Record set ->
»»

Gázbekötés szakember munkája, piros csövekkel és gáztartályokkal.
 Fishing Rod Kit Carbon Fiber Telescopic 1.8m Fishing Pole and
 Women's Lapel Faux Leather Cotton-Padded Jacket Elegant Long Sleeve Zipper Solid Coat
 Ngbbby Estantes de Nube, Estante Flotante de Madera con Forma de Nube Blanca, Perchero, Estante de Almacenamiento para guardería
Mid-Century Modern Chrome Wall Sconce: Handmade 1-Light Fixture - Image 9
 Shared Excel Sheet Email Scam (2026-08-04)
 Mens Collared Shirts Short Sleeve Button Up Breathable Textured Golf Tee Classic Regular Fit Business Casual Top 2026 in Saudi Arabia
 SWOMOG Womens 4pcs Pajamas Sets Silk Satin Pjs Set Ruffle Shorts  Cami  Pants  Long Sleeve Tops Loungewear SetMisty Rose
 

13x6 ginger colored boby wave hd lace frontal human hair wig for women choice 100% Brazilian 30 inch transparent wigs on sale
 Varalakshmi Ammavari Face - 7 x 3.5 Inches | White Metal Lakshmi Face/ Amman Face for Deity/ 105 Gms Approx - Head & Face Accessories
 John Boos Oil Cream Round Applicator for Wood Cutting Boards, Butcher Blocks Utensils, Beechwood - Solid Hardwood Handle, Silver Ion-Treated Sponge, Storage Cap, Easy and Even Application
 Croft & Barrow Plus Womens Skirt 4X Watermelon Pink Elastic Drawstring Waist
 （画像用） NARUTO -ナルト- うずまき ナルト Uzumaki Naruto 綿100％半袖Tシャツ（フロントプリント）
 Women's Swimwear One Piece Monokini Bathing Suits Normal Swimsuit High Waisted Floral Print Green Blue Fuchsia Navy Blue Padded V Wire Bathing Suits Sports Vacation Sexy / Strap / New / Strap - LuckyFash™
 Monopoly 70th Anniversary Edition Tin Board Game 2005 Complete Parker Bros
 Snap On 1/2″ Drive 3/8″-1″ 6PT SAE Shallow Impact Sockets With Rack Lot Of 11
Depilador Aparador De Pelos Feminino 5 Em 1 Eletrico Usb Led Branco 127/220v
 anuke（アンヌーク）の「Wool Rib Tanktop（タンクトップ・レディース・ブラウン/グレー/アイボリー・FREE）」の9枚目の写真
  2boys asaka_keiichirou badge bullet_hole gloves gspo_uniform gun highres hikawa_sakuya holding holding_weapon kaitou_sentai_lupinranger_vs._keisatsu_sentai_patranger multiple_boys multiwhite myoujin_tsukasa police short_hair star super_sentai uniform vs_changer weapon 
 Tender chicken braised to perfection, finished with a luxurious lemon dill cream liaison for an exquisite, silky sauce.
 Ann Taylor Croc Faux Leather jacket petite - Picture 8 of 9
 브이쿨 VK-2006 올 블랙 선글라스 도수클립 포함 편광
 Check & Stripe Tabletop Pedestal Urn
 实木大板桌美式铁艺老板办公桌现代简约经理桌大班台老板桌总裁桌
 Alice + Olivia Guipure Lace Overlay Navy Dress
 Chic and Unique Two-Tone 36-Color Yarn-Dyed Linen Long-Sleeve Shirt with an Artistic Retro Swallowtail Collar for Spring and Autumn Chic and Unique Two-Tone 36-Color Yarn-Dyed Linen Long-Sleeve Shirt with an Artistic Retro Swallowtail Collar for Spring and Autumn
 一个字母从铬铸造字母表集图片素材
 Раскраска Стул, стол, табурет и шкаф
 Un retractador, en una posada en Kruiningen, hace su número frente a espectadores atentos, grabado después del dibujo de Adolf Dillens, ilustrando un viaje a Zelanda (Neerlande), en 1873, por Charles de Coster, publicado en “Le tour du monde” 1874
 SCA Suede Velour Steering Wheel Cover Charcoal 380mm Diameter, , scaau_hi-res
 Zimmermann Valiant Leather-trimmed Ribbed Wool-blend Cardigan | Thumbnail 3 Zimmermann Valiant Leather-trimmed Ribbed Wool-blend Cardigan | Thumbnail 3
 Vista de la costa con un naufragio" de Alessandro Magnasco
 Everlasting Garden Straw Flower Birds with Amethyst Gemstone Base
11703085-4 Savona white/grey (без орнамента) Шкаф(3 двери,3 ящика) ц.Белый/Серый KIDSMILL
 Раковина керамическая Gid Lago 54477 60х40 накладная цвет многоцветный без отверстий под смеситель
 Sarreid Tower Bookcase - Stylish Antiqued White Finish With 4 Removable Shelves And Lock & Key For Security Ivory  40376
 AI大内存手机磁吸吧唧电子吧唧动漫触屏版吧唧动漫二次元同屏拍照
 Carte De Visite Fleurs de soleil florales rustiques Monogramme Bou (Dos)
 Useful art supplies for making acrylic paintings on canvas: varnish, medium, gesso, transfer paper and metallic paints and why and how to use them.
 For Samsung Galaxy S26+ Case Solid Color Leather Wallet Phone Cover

««

From the line with "Vista de la" to the final line of the entries above, return every line exactly as written.

Exercise result ->
 Vista de la costa con un naufragio" de Alessandro Magnasco
 Everlasting Garden Straw Flower Birds with Amethyst Gemstone Base
11703085-4 Savona white/grey (без орнамента) Шкаф(3 двери,3 ящика) ц.Белый/Серый KIDSMILL
 Раковина керамическая Gid Lago 54477 60х40 накладная цвет многоцветный без отверстий под смеситель
 Sarreid Tower Bookcase - Stylish Antiqued White Finish With 4 Removable Shelves And Lock & Key For Security Ivory  40376
 AI大内存手机磁吸吧唧电子吧唧动漫触屏版吧唧动漫二次元同屏拍照
 Carte De Visite Fleurs de soleil florales rustiques Monogramme Bou (Dos)
 Useful art supplies for making acrylic paintings on canvas: varnish, medium, gesso, transfer paper and metallic paints and why and how to use them.
 For Samsung Galaxy S26+ Case Solid Color Leather Wallet Phone Cover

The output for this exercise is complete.